Model Hub Zoo Download Implementation

Status

Discussion

Proposed by: Adam Gibson (1st Jan 2022)

Context

Following on from work in downloading models We need to be able to interop in different ecosystems. This ADR will address the specs for implementing interop with the following ecosystems:

Proposal

This proposal will be broken up in to separate sections detailing the work and implementation needed to implement the loading of models from each of these ecosystems.

Each section will cover how to implement the download and loading of model download workflow described in downloading models

We will also cover how we will handle staging of models for each framework.

Onnx

Onnx is pretty straightforward as a github repo download. These models do not have any special structure beyond the zip file. Our downloader will focus on the already uncompressed models for ease of simplicity.

Tensorflow

Tensorflow will use the tf hub web service. Our access will be focused on using the uncompressed pb models + handling other conversion code for freezing models to be reused.

For our purposes a staged model will be a frozen model that can be directly imported.

Pytorch

Pytorch will need to be converted to onnx. Pytorch serving uses the model archive tool for handling model storage.

Unfortunately, this requires a bit of to integrate with. Pytorch serve archives can vary in format. We will typically want to extract the model from it to manipulate it.
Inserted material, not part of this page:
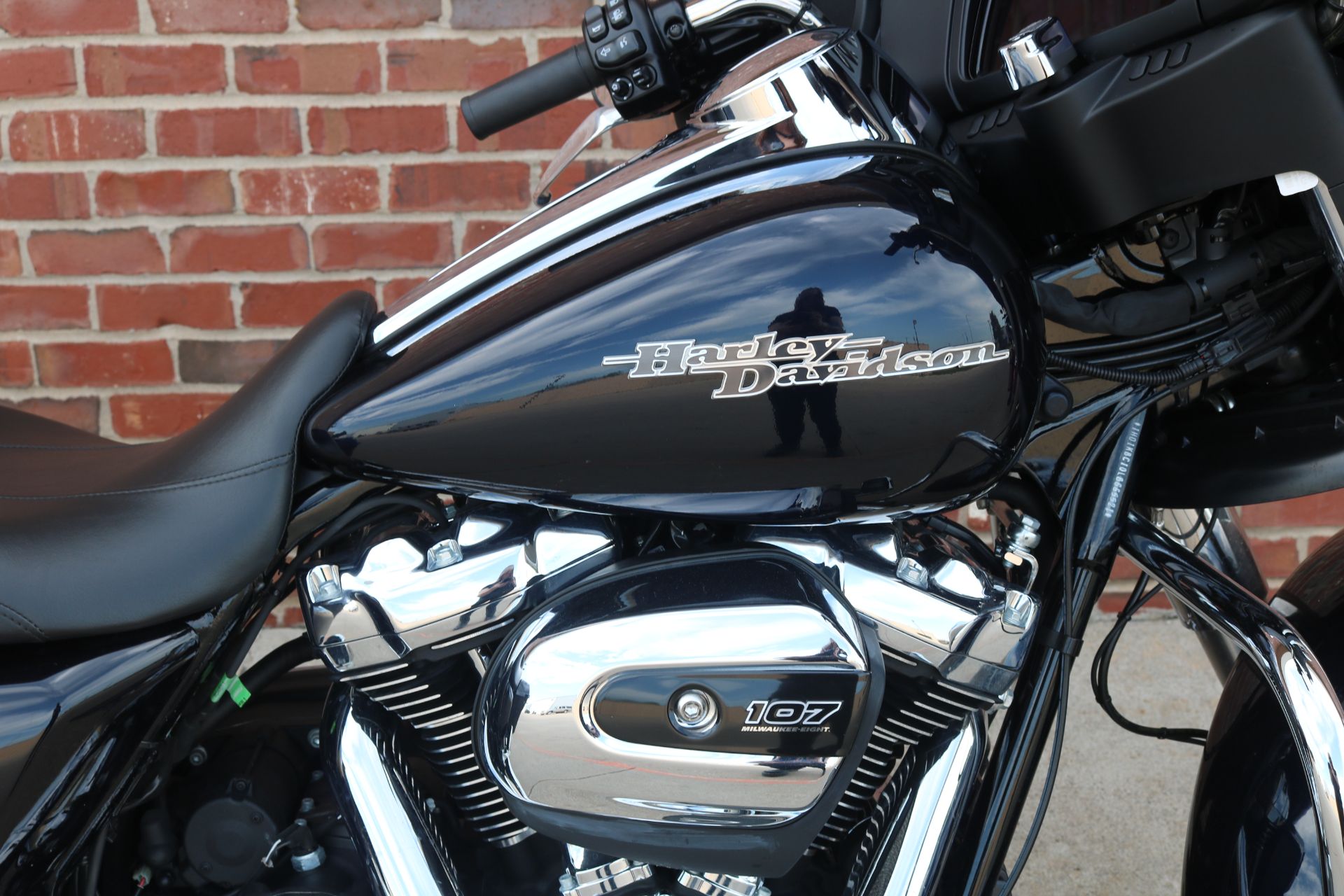 2020 Harley-Davidson Street Glide® in Ames, Iowa - Photo 4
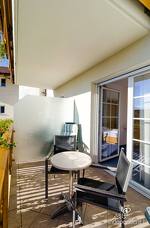 Livehotel Friedheim Ruster Resort - Balcone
Separately, pytorch has various model zoos both official and community provided:

At the end, we will want to convert the model to onnx. This will be considered a staged model that is consumable by the framework.

Huggingface

Huggingface spaces uses git repositories to store models. URLs are accessible using the huggingface hub SDK

Huggingface hub supports 3 frameworks: pytorch, tensorflow, JAX

Our initial support will only focus on pytorch and tensorflow. JAX will come at a later date when we have implemented JAX for the model import framework.

When loading a model, we will need to know which model type we are running so we can convert it to onnx. We will know this by letting a user specify the model type when they go to download it.

For each of tensorflow and pytorch we will be storing models under their respective frameworks reusing the staging techniques from the tensorflow and onnx frameworks.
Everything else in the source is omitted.